Professor Abramson’s project at the University of Hawaii was originally designed to transmit data to schools on the far-flung Hawaiian islands by means of a radio channel. But the solution he and his group devised in the late 1960s and early ’70s would prove widely applicable; some of their technology is still in use in today’s smartphones, satellites and home WiFi networks.
The technology he helped to create allowed many digital devices to send and receive data over that shared radio channel.
It was a simple approach that did not require complex scheduling of when each packet of data would be sent. If a data packet was not received, it was simply sent again. The approach was a departure from telecommunications practices at the time, but it worked.

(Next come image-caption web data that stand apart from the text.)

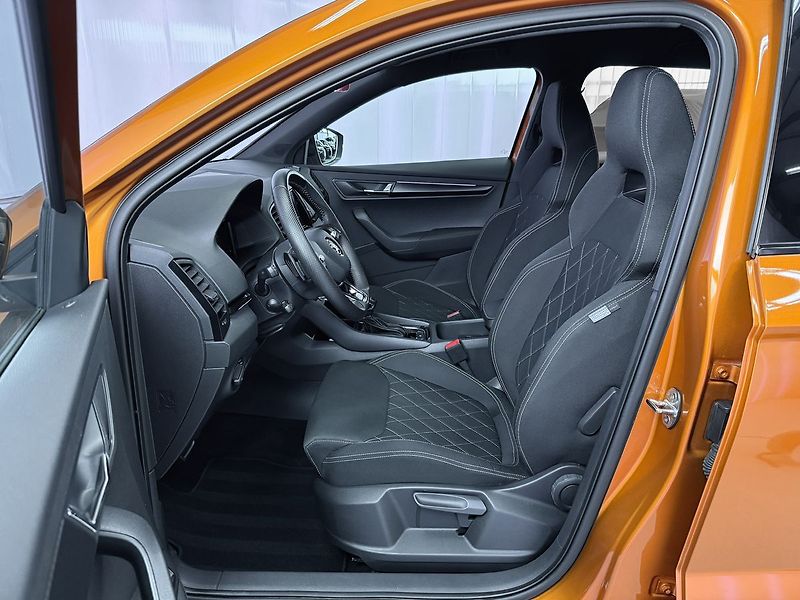 Škoda Karoq 1.5TSI DSG SPORTLINE EXCLUSIVE - fotka 11 z 26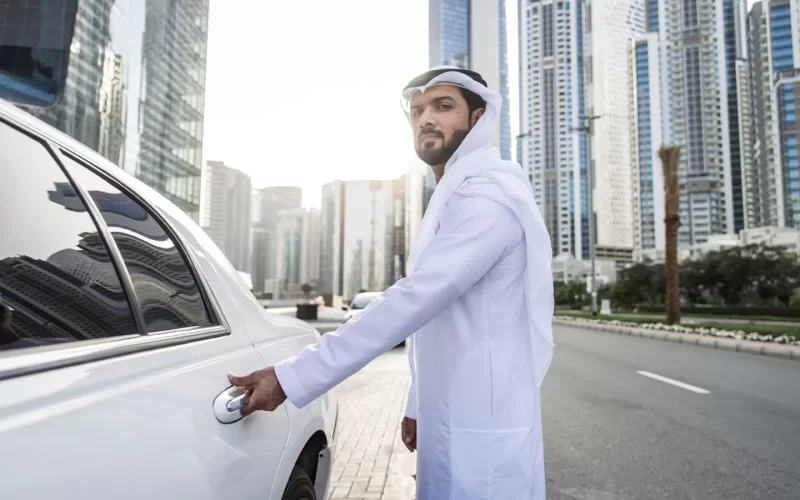 نصائح هامة قبل القيادة في الإمارات برخصة القيادة الدولية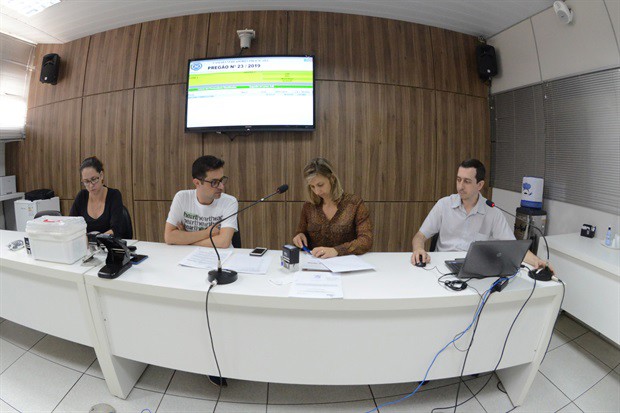 Pregão acontece na sala de reuniões do segundo andar do prédio anexo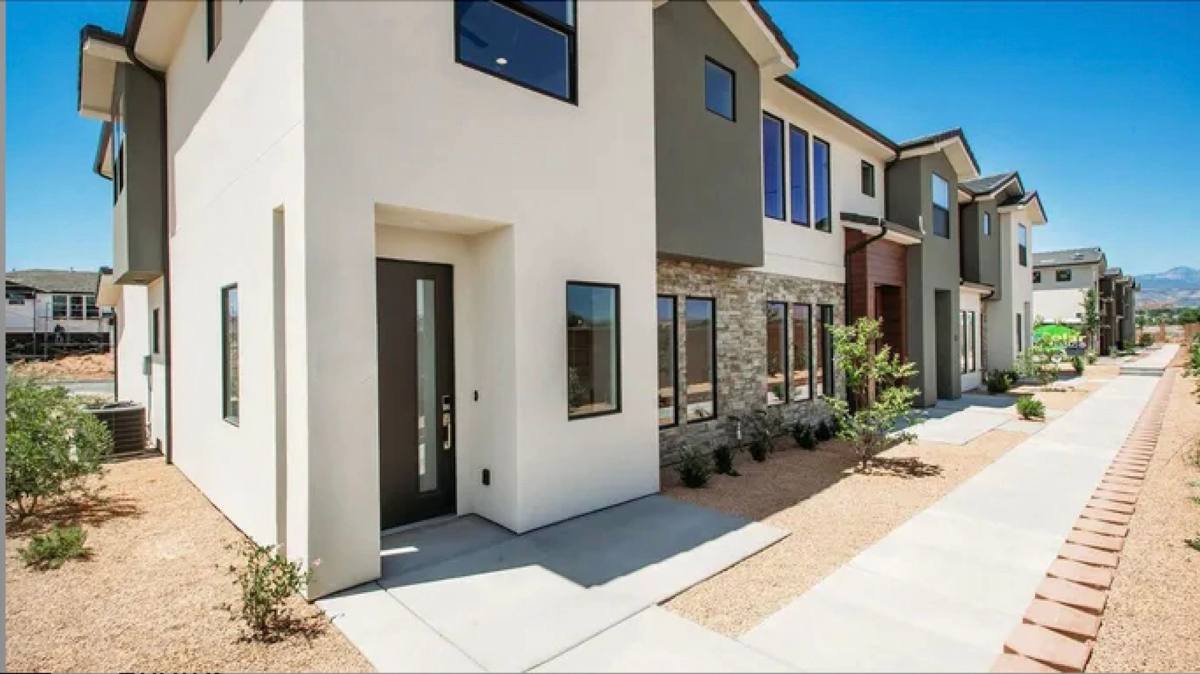Townhouse for rent at 831 S Scarlet Oak Lane, Saint George, UT 84790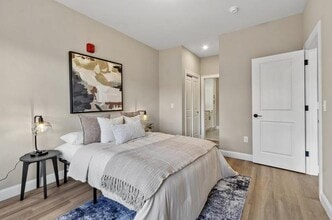 Stadium Lofts in Anaheim, CA - Building Photo - Building Photo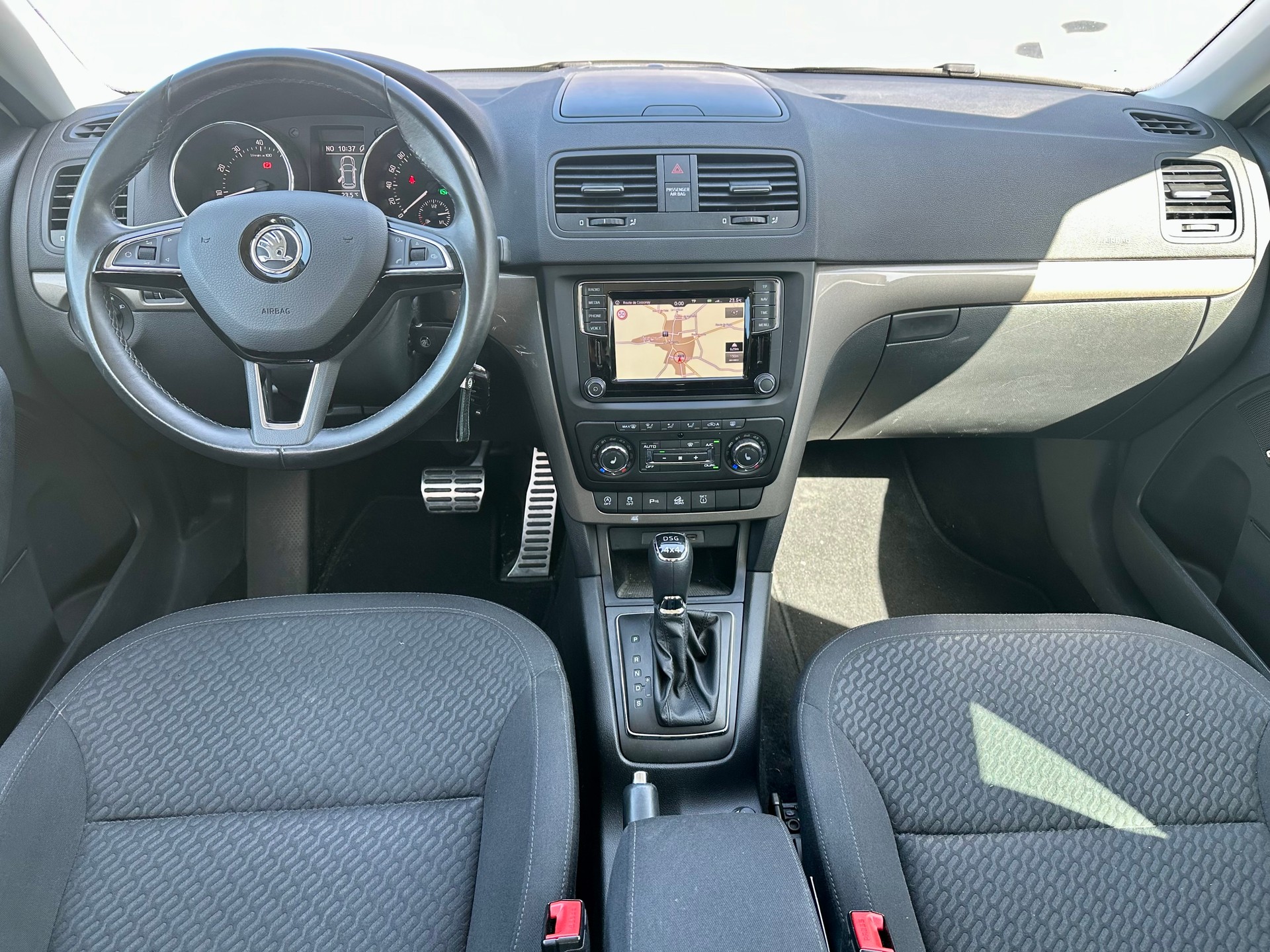 SKODA Yeti 1.4 TSI Style 4x4 DSG-image-8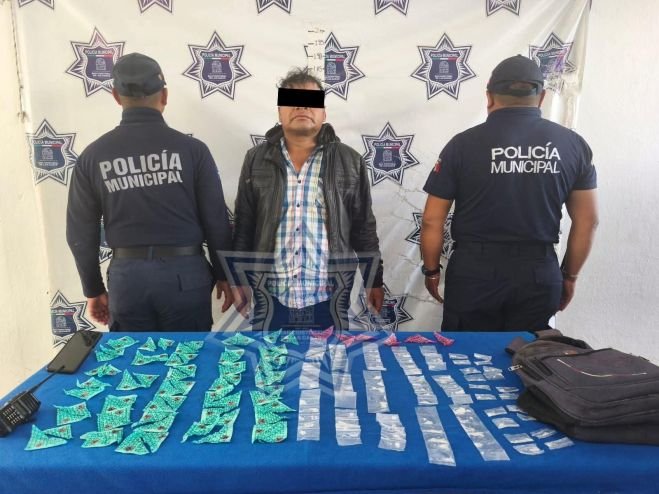 Policía Municipal detiene a sujeto con presuntos estupefacientes y lo pone a disposición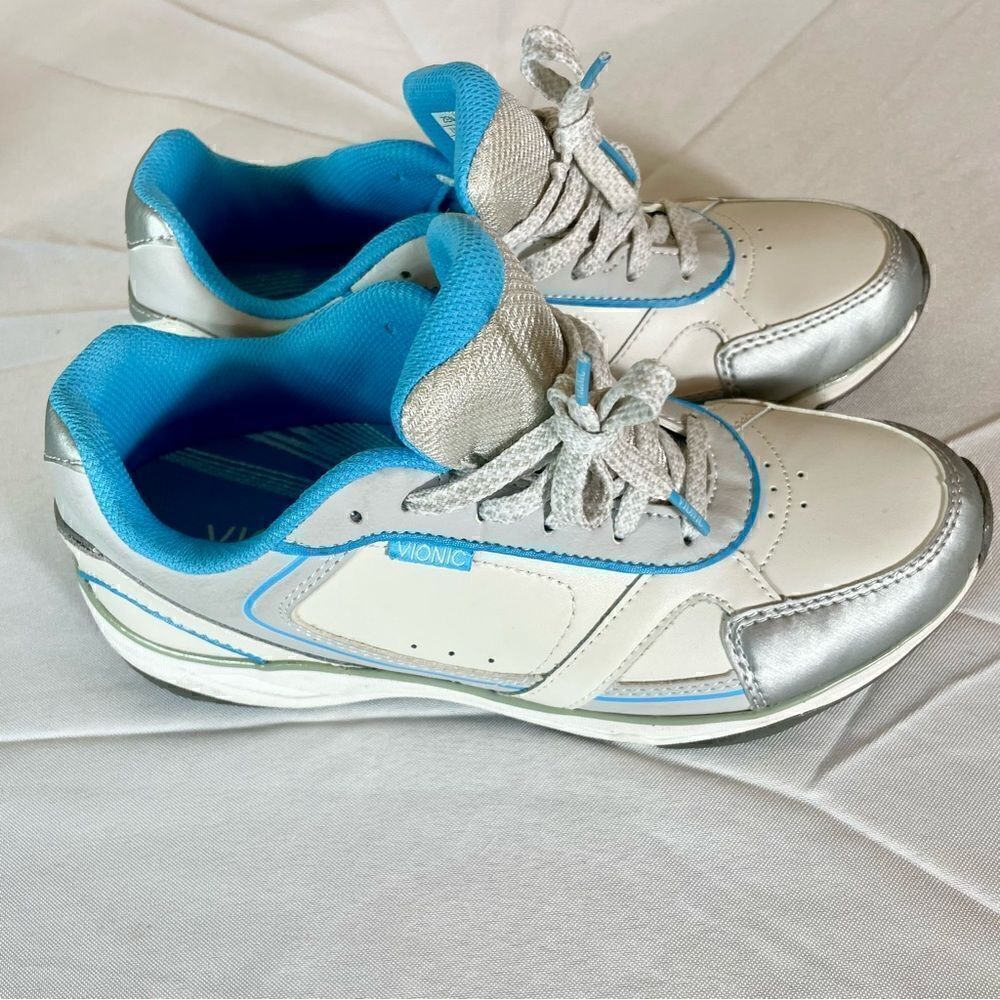 VIONIC SHOES - Picture 2 of 7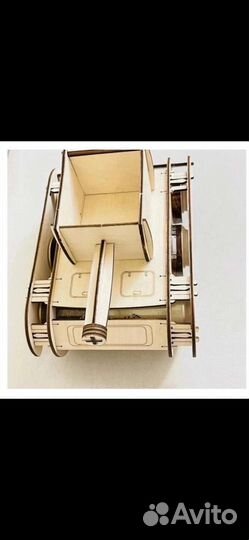 Подарок на 23 февраля танк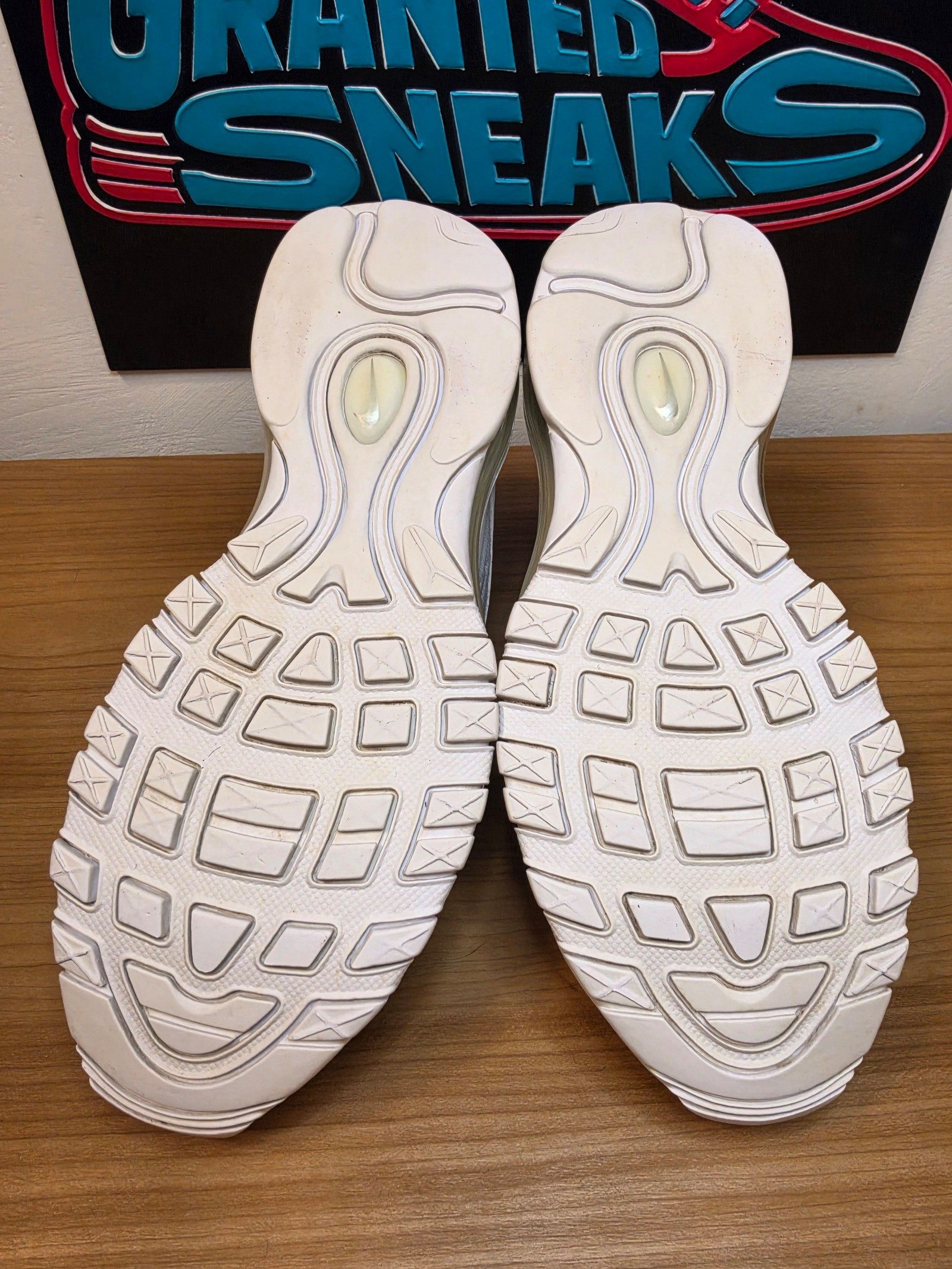 Nike White Air Max 97 White Metallic Silver UK5.5 image 4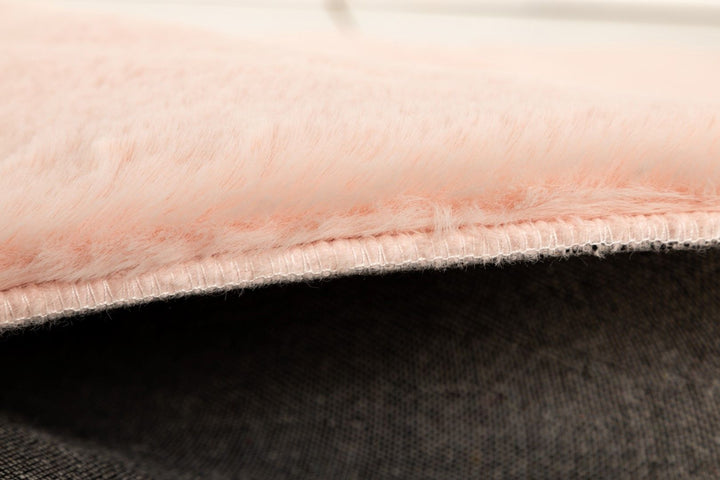 Splender Bunny Soft Shaggy Rug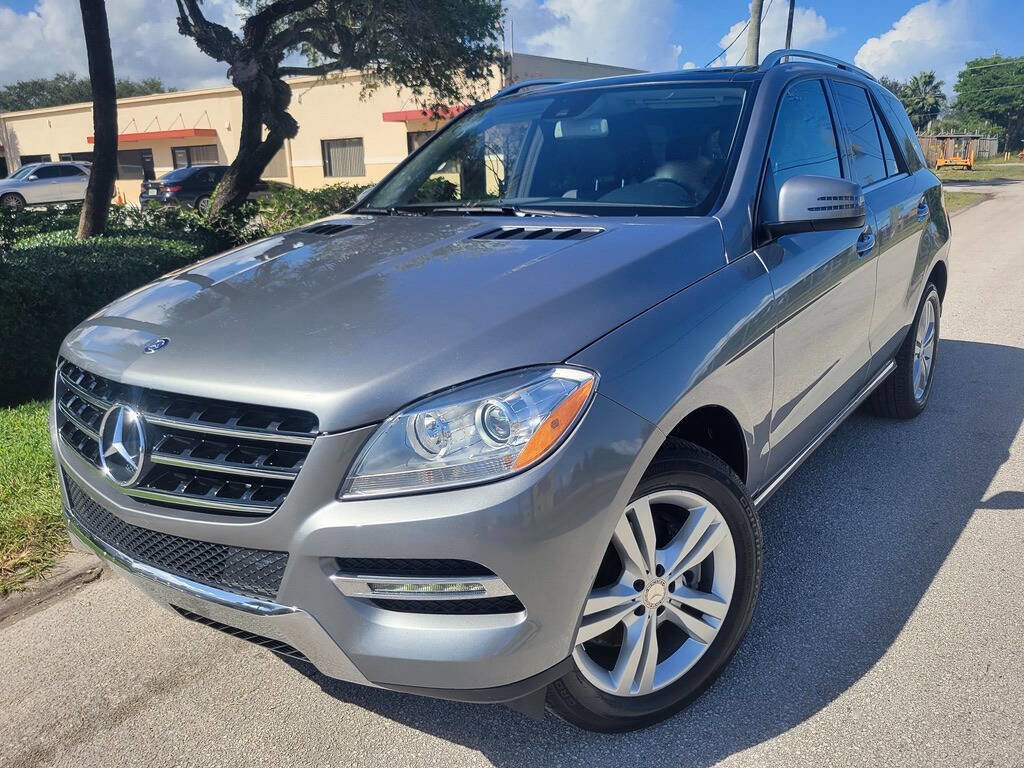 Used 2014 Mercedes-Benz ML 350 BlueTEC 4MATIC image 3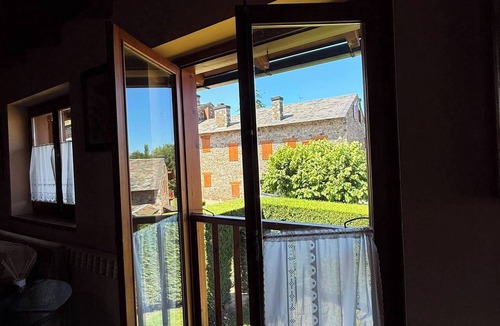 Urtx House | House with a garden in Queixans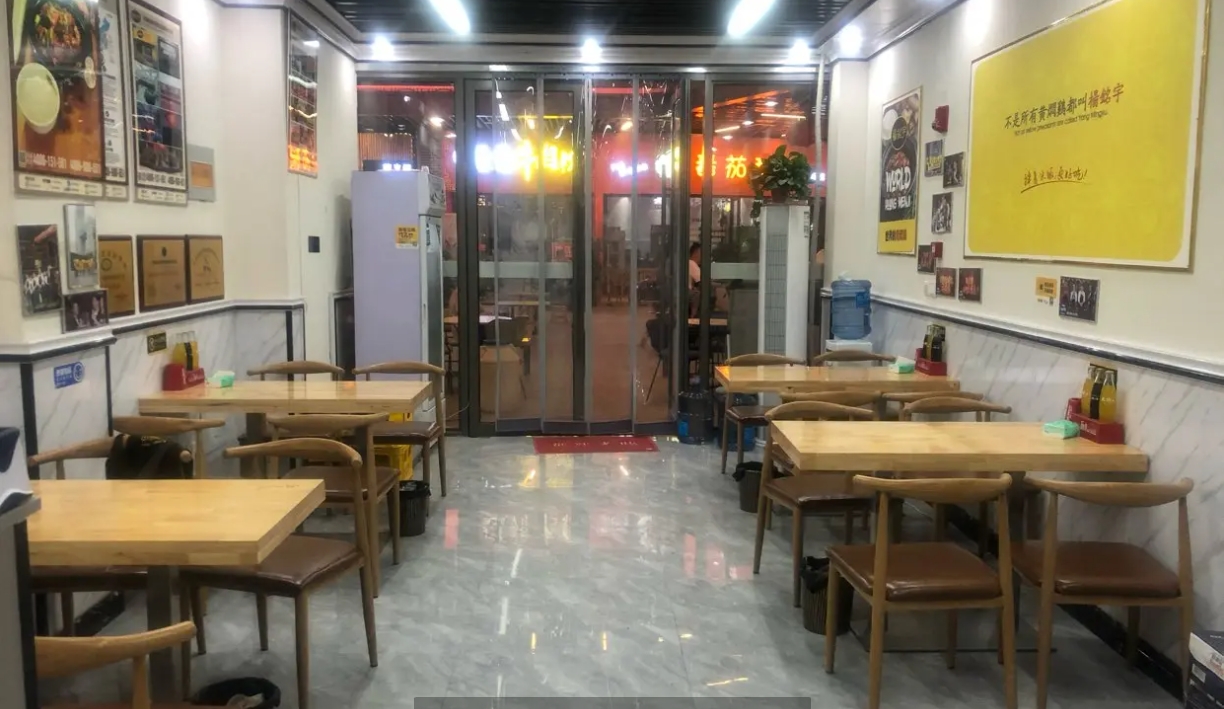 (转让)吾悦广场门面旺铺转让，天然气已开通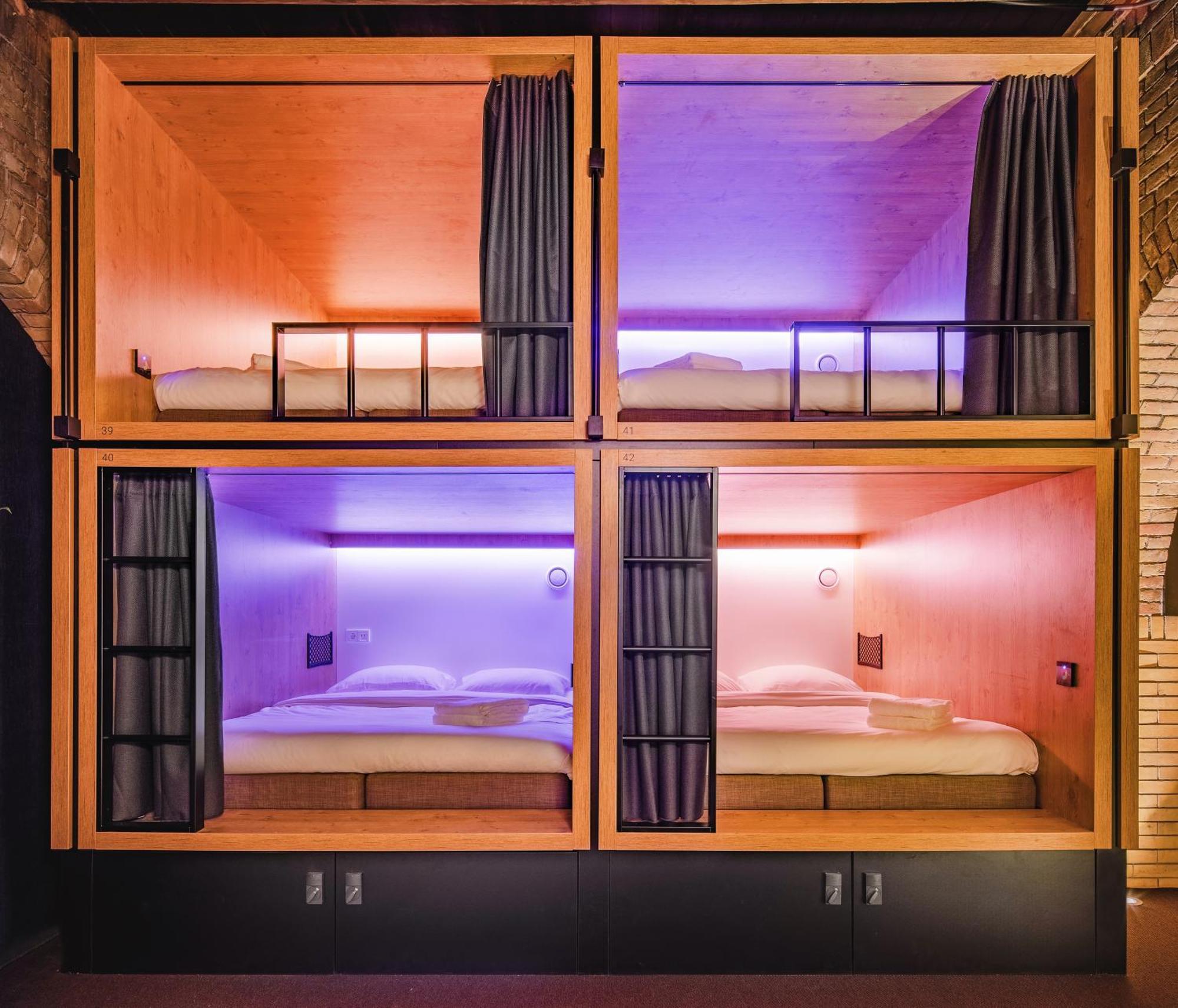 Bunk Hostel *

“It was an incredibly audacious idea, real out-of-the box engineering,” said Vinton Cerf, a computer scientist at Google and the co-author, with Robert Kahn, of the technical standards for linking computer networks on the internet.
The wireless network in Hawaii, which began operating in 1971, was called ALOHAnet, embracing the Hawaiian salutation for greeting or parting. It was a smaller, wireless version of the better known ARPAnet, the precursor to the internet, which allowed researchers at universities to share a network and send messages over landlines. The ARPAnet was led by the Pentagon’s Advanced Research Projects Agency, which also funded the ALOHAnet.
“The early wireless work in Hawaii is vastly underappreciated,” said Marc Weber, an internet historian at the Computer History Museum in Mountain View, Calif. “Every modern form of wireless data networking, from WiFi to your cellphone, goes back to the ALOHAnet.”
The ALOHAnet technology became so widely used was partly because Professor Abramson and his team had shared it freely and welcomed other scientists to Hawaii.
Professor Abramson majored in physics at Harvard, then earned a master’s degree in physics from the University of California, Los Angeles, and his doctorate in electrical engineering from Stanford, in 1958. He briefly worked in industry and had postdoctoral teaching stints before he went to Hawaii. He retired from the University of Hawaii in 1994.